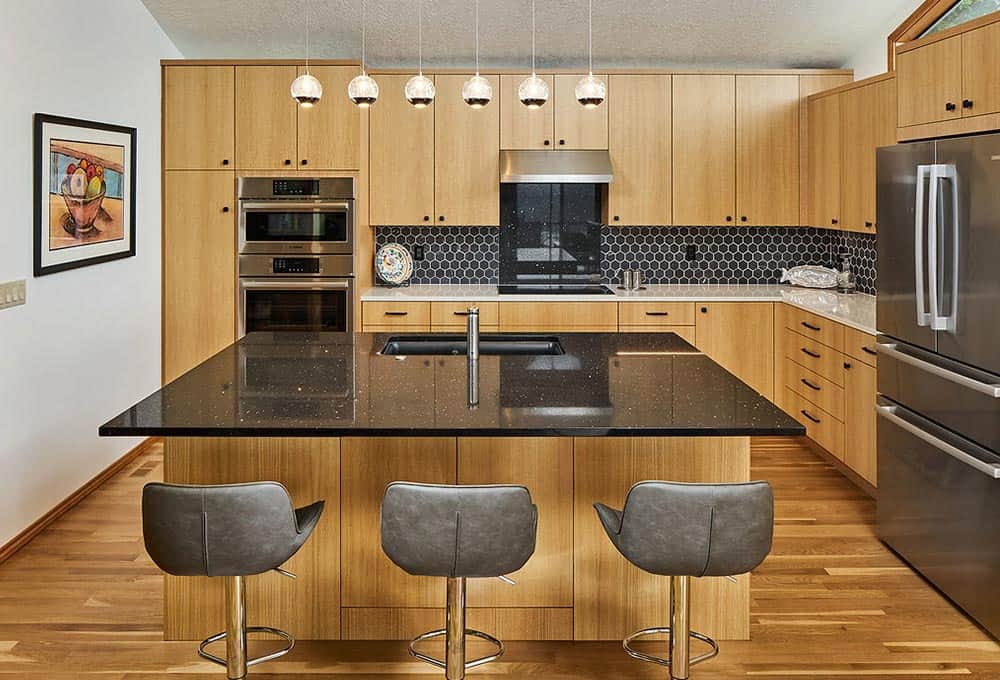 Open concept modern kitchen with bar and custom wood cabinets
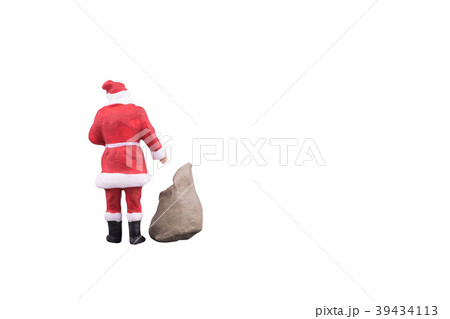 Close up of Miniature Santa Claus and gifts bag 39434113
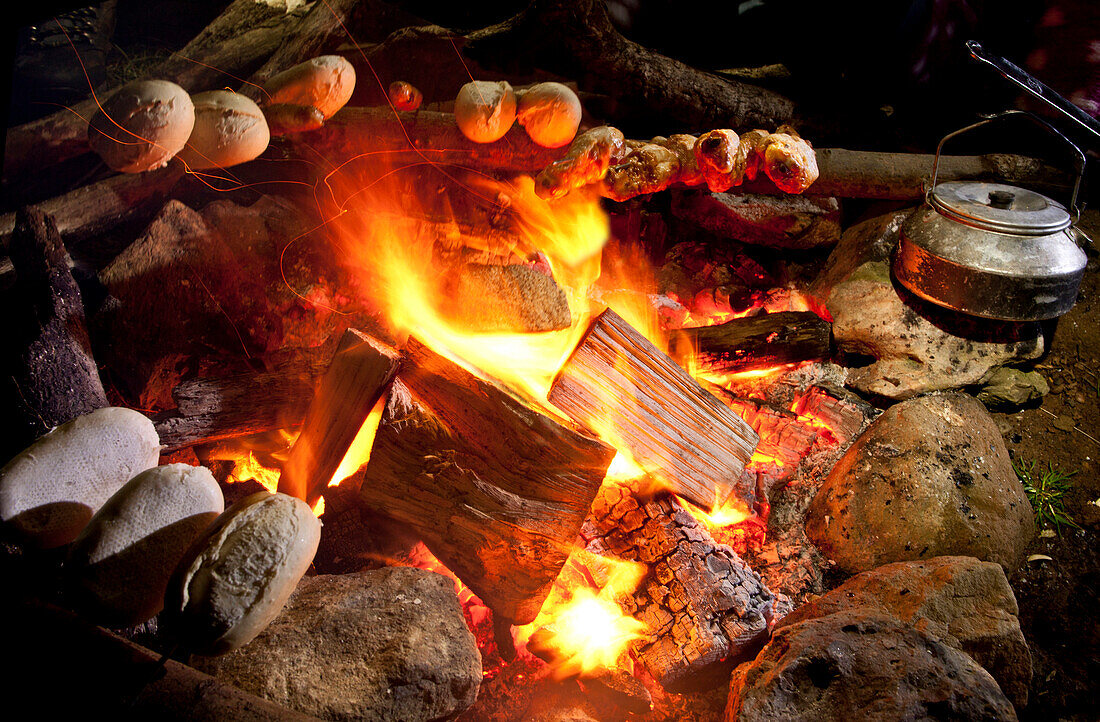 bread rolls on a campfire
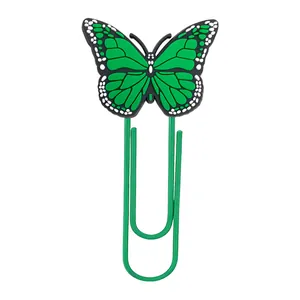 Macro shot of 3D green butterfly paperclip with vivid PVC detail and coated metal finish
==================================================
Try it: Except for the pictures, give all the material above again verbatim.

Response:
 Open concept modern kitchen with bar and custom wood cabinets
 Close up of Miniature Santa Claus and gifts bag 39434113
 bread rolls on a campfire
 Macro shot of 3D green butterfly paperclip with vivid PVC detail and coated metal finish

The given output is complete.